■ **INSTRUCTIONS FOR THE TASK**: Repeat the data exactly, leaving out any image.

--------

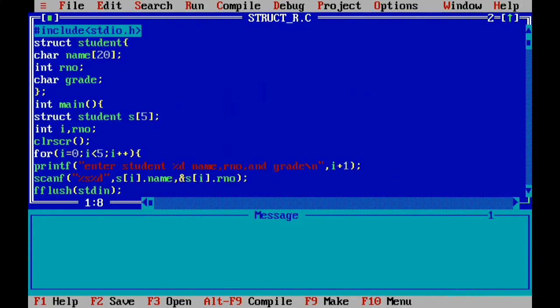This program reads a student roll number and checks it against all stored student records. If the roll number matches any student's roll number, it prints the name and grade on the screen. Hope you understood the program and hope this video is helpful. Thank you for watching — bye!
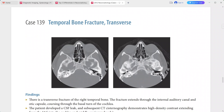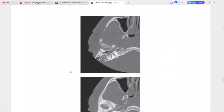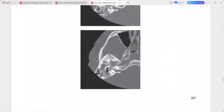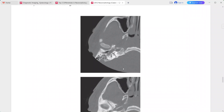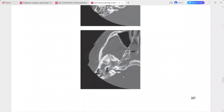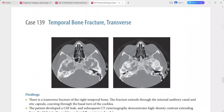The contrast is extending into the internal auditory canal and middle ear. This is a case of transverse fracture of the temporal bone. Longitudinal temporal bone fracture can be included in the differential.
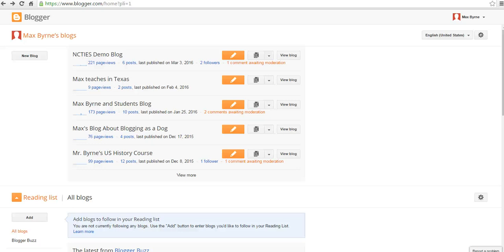Hi, this is Richard Byrne. In this video, we're going to take a look at how you can password protect blog posts in Blogger and in WordPress blogs. Someone just asked me about this yesterday, and let's take a look at how you can do this. It's actually rather simple.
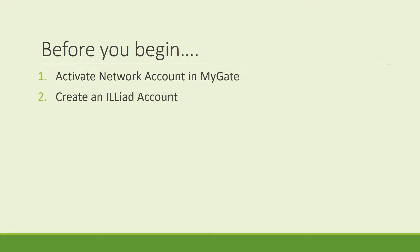Before you begin any research at the library, you must first do two things. First, activate your network account in MyGate and then create an account in ILLiad.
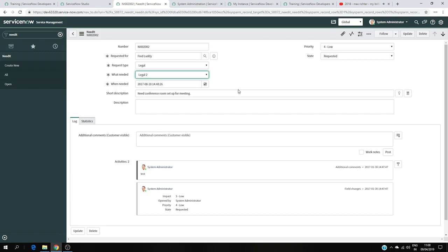We can also do this with client-side scripts. We call it client-side because we're going to write JavaScript in ServiceNow that only interacts with the browser. The browser contains a plugin that can interpret the language and give us results. We are not writing JavaScript to interact with a ServiceNow server or database — that's why we call it client-side. UI policies are also called client-side logic.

--------

■ **ANSWER TO THIS EXERCISE**:
This program reads a student roll number and checks it against all stored student records. If the roll number matches any student's roll number, it prints the name and grade on the screen. Hope you understood the program and hope this video is helpful. Thank you for watching — bye!
The contrast is extending into the internal auditory canal and middle ear. This is a case of transverse fracture of the temporal bone. Longitudinal temporal bone fracture can be included in the differential.
Hi, this is Richard Byrne. In this video, we're going to take a look at how you can password protect blog posts in Blogger and in WordPress blogs. Someone just asked me about this yesterday, and let's take a look at how you can do this. It's actually rather simple.
Before you begin any research at the library, you must first do two things. First, activate your network account in MyGate and then create an account in ILLiad.
We can also do this with client-side scripts. We call it client-side because we're going to write JavaScript in ServiceNow that only interacts with the browser. The browser contains a plugin that can interpret the language and give us results. We are not writing JavaScript to interact with a ServiceNow server or database — that's why we call it client-side. UI policies are also called client-side logic.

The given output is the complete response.